The start-up is a language learning web app: http://www.cloze.it . What sets it apart from other language-learning software is my knowledge of linguistics, proficiency with text processing, and willingness to code detailed language-specific features. Most tools want to be as language neutral as possible, which limits their scope a lot. So they tend to all have the same set of features, centred around learning basic vocab.
Something that's always bugged me about being an academic is, we're terrible at communicating to people outside our field. This means that whenever I see a post using an NLP tool, they're using a crap tool. So I wrote a blog post explaining a simple POS tagger that was better than the stuff in e.g. nltk (nltk is crap): http://honnibal.wordpress.com/2013/09/11/a-good-part-of-speechpos-tagger-in-about-200-lines-of-python/ The POS tagger post has gotten over 15k views (mostly from reddit), so I'm writing a follow up about a concise parser implementation. The parser is 500 lines, including the tagger, and faster and more accurate than the Stanford parser (the Stanford parser is also crap).

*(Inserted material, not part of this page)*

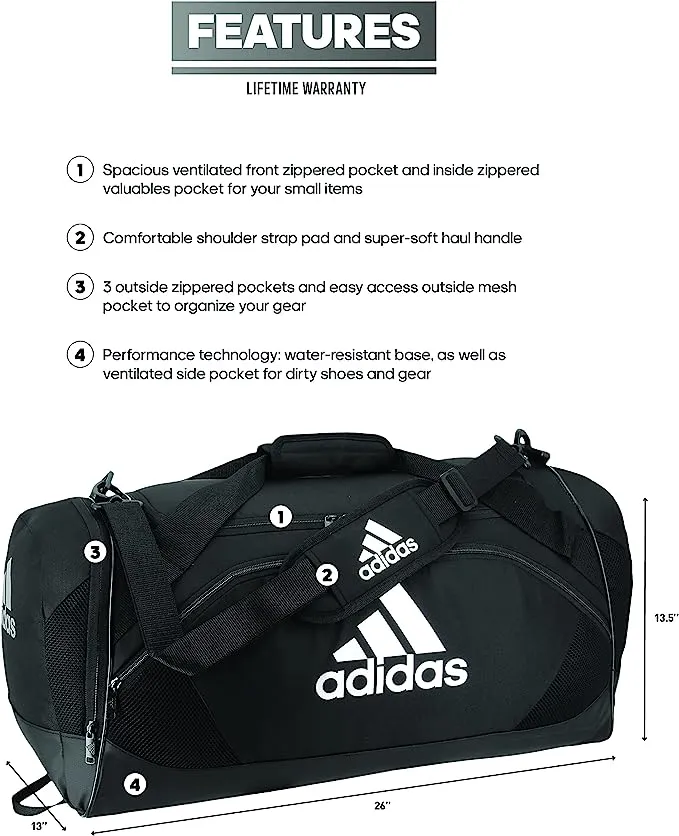 adidas Team Issue 2 Medium Duffel Bag, One Size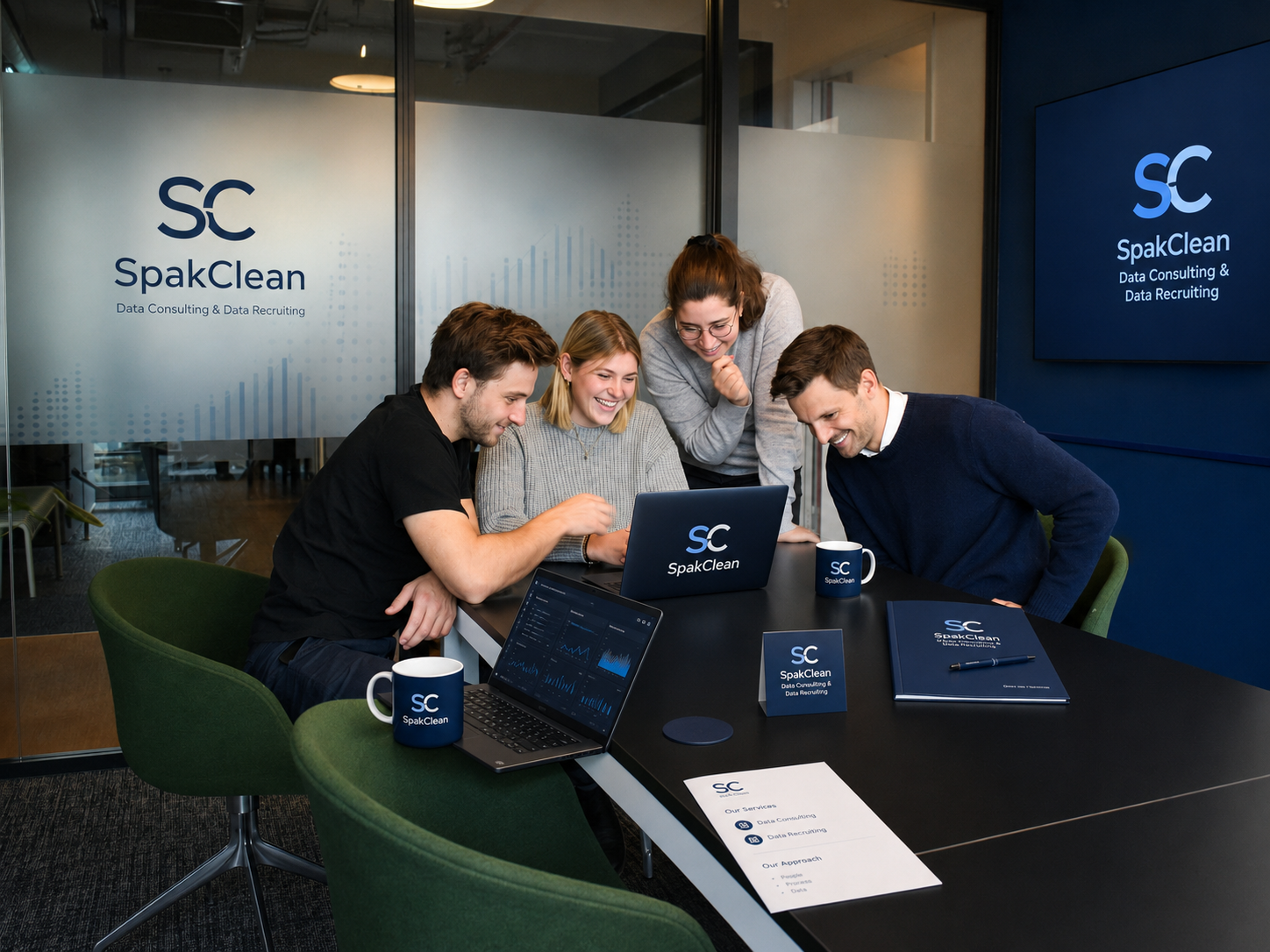 SpakClean data consulting and recruiting team collaborating over a laptop in a branded office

I'm doing minor revisions for a journal article on parsing conversational speech transcripts, and detecting disfluent words. The system gets good results when run on text transcripts. The goal is to allow speech recognition systems to produce better transcripts, with punctuation added, and stutters etc removed. I'm also working on a follow up paper to that one, with further experiments.
Overall the research is going well, and I find it very engaging. But I'm at the point where I have to start writing grant applications, and selling software seems like a much better expected-value bet.
TIL: NLP can mean Natural Language Processing, as well as Neuro Linguistic Programming. I was confused for a while there.